Behold the Museum aan de stroom (
MAS), Antwerp's new municipal history museum. The building, designed by the Dutch architects Neutelings Riedijk, is due to open late next year. Certainly it's dramatic; a spiraling diagram for itself that will give visitors walking its long ramp privileged views of the city in all directions. It sits on a Napoleonic-era dock in a formerly abandoned port/industrial quarter that has been reintegrated into the city over the last decade, a process still ongoing. (This was the subject of my
recent story on Antwerp's reinvention, for Metropolis.) During its sixteenth-century heyday, Antwerp was the financial capital of northern Europe, and a great international port city, so the location of the museum is fitting. Appropriately enough, the materials to build it come from all over the globe: red stone from Rajastan, glass from Germany, wood flooring from Louisiana. During construction, the museum staff is actually working out of the landmark sixteenth century warehouse of the Hessen trade federation. The titular "stream" is actually the Scheldt river, which connects the city to the North Sea.

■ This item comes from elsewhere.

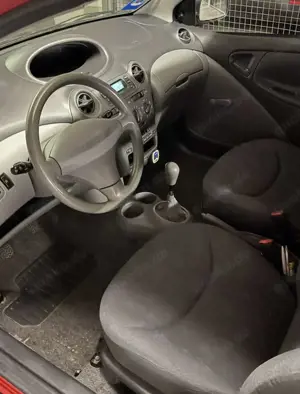 Toyota Yaris Bild 4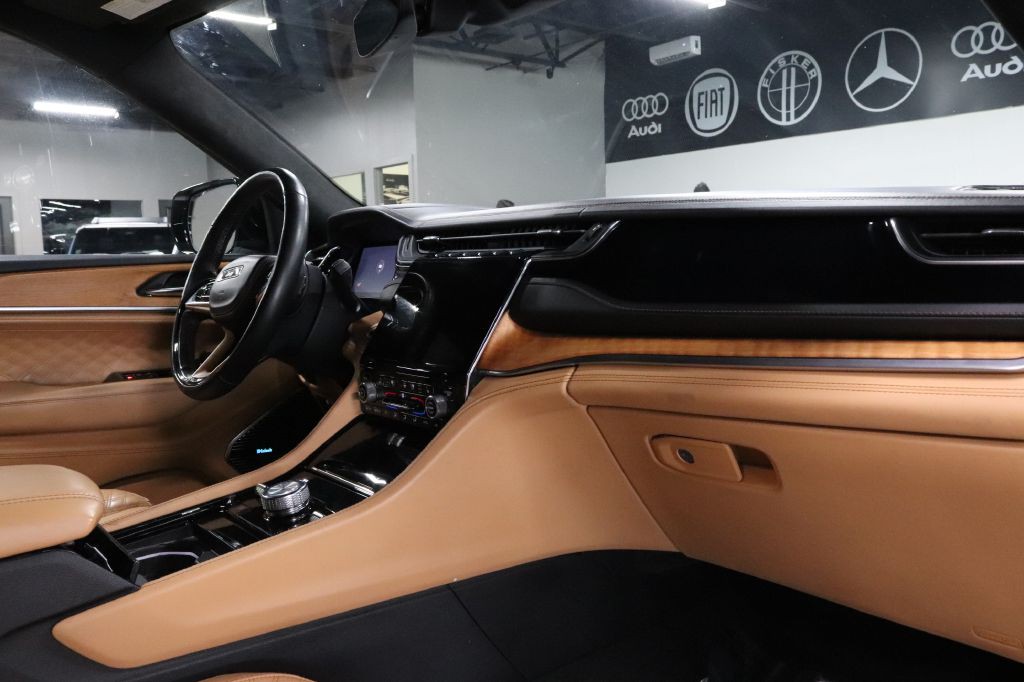 2022 Jeep Grand Cherokee Image 30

A few more images after the jump.
The Hessen warehouse
The Shop, an old port industrial building slated for reuse
Some of the new towers in this area
Antwerp has a strong tradition of modern towers. The Oudan, the police HQ, is a masterpiece of brutal design, even if there are many in the city who hate it. The architect was Renaat Braem.
The tallest building in the city center is the art moderne KBC Tower, known to all as the Boerentoren (farmer's tower, so named for the trade group that was its first tenant). Antwerp's Rockefeller Center, designed by Jan van Hoenacker, opened in 1932.